As we left Mother Mary today – at the
old aged home Retirement Village – he used to call them old aged homes and be very anti but now suddenly they’re OK and they’re retirement villages cos he has just made an offer on a cottage there, deciding at age 96 that it might be time before too long that he may, perhaps, have to move in there one day. Anyway, as we’re leaving we’re energetically flagged down by an old blue-rinse biddy sitting in a smart white sedan outside the frail care section.
‘Oy! Are you ignoring me?’ she shouts, waving her hand in Dad’s direction. He, of course, doesn’t hear her, so I look in the open driver’s window across at her in the front passenger seat and she waves me aside. ‘No, not you,’ she indicates with a dismissive wave, ‘The bald gentleman; Well, the bald gentleman with the white hair; OK, the bald gentleman with the white hair and the walking stick.’

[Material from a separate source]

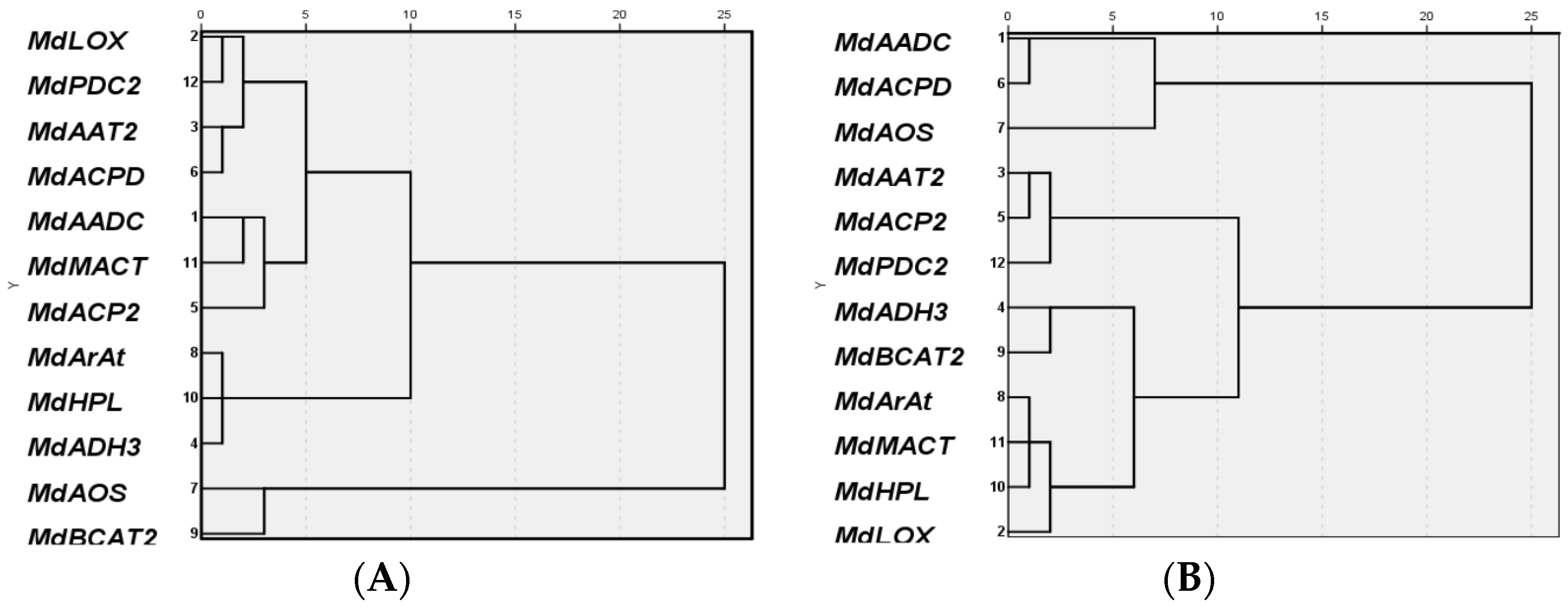 Molecules 26 01553 g003 Molecules 26 01553 g003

Oh. So she doesn’t mean me.
He sticks his head in the window. ‘Were you going to walk right by me?’ she asks. Hello! He smiles, switching straight into charm mode; Who are you? Ooh, she thinks. Some doubt creeps in. ‘Aren’t you . .’ she starts and hits a geriatric blank. Staring at him, knowing she knows him but has just lost his name right now. It’s on the tip of her tongue. ‘Um, aren’t you . .’ she repeats. Who are you? he repeats.

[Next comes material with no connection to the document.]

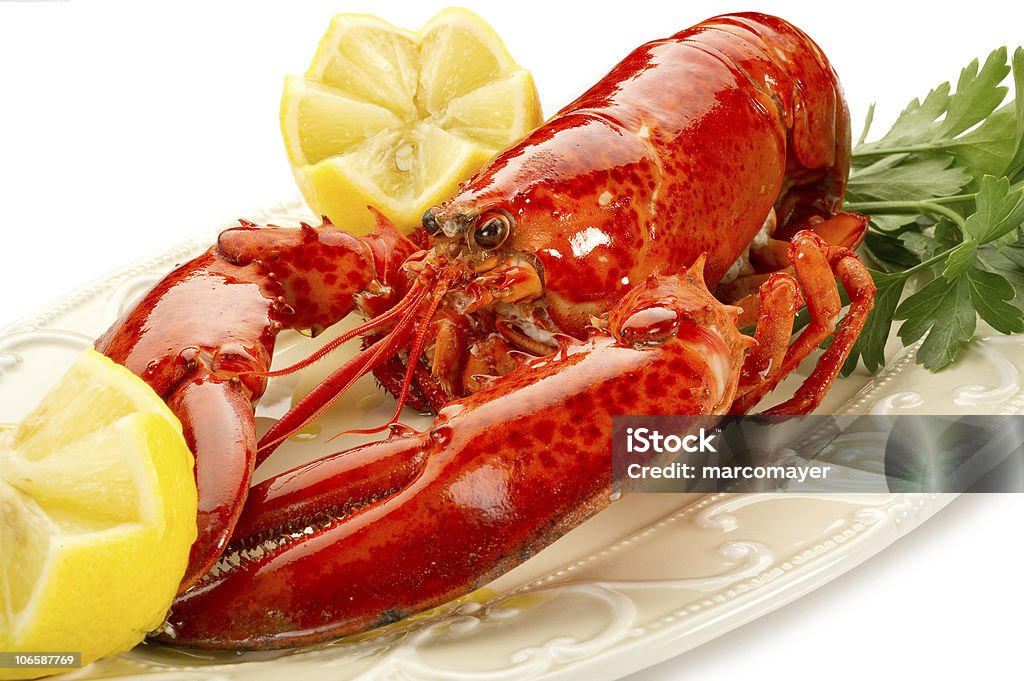 A lobster with lemon ready to eat whole boiled  lobster on white background Animal Stock Photo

They reach out to shake hands – instinctive, cos if you’ve been to Maritzburg College and St Annes or Epworth and lived through a world war, that’s what you do. So they’re now holding hands both being furiously pleasant and both trying to figure out who the hell this other person is.

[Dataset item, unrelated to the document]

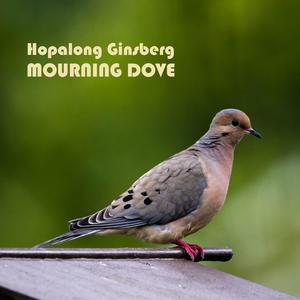 mourning dove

She changes tack: ‘I bet you I’m older than you,’ she says.
YUSSIS! That MAKES his day! He’s had a bit of a rough day with his idiot son who doesn’t know when to shut up and just nod him yes, so this – THIS – is a godsend. He jumps up in the air, clicks his heels and leans right in to the car. The click might have been his teeth.
I’ll bet you you’re not! he challenges. ‘I bet you I am,’ she repeats confidently. I’ll bet you . . how much you wanna bet? he says. They’re still holding hands and staring into each others eyes. It’s getting ‘Yes I am; No you’re not!’ stuck, so I chip in. How about one Rand? I suggest. ‘Well, I only have ten Rand,’ she fibs. I’ll take you on, he says, How old are you? She leans back and puffs out her bosom and announces triumphantly ‘Nearly ninety ONE.’
WELL! Victory is his! He wriggles with glee and says I’m . . . . no. This is my son Koos. Koos, you tell her how old I am! The old goat is 96 in the shade, I say. She deflates, he puffs up. He smoked her! Blew her doors off! Left her in his dust! Annihilated her. They’re still holding hands. He rubs it in: I prefer to say I’ve got four years to go to a hundred.
I walk off, leaving them to their embarrassment and awkward ending. Well, nice to have met you, he says. ‘Yes, indeed,’ she says, even though neither cagey old codger has divulged their name yet. The only name we have out of this joyful meeting of long-lost strangers so far is “Koos.”
As the old man leaves she outs when he’s ten metres down the drive with ‘So sorry to have mistaken you; Sorry to be a bother.’ That St Annes politeness training is deeply embedded. Of course he didn’t hear it. Ten metres is way out of range. Anyway, his face was wreathed in such a wide smile his ears were probably blocked by the wrinkles. This avenged the stinging loss he’d suffered at the College reunion.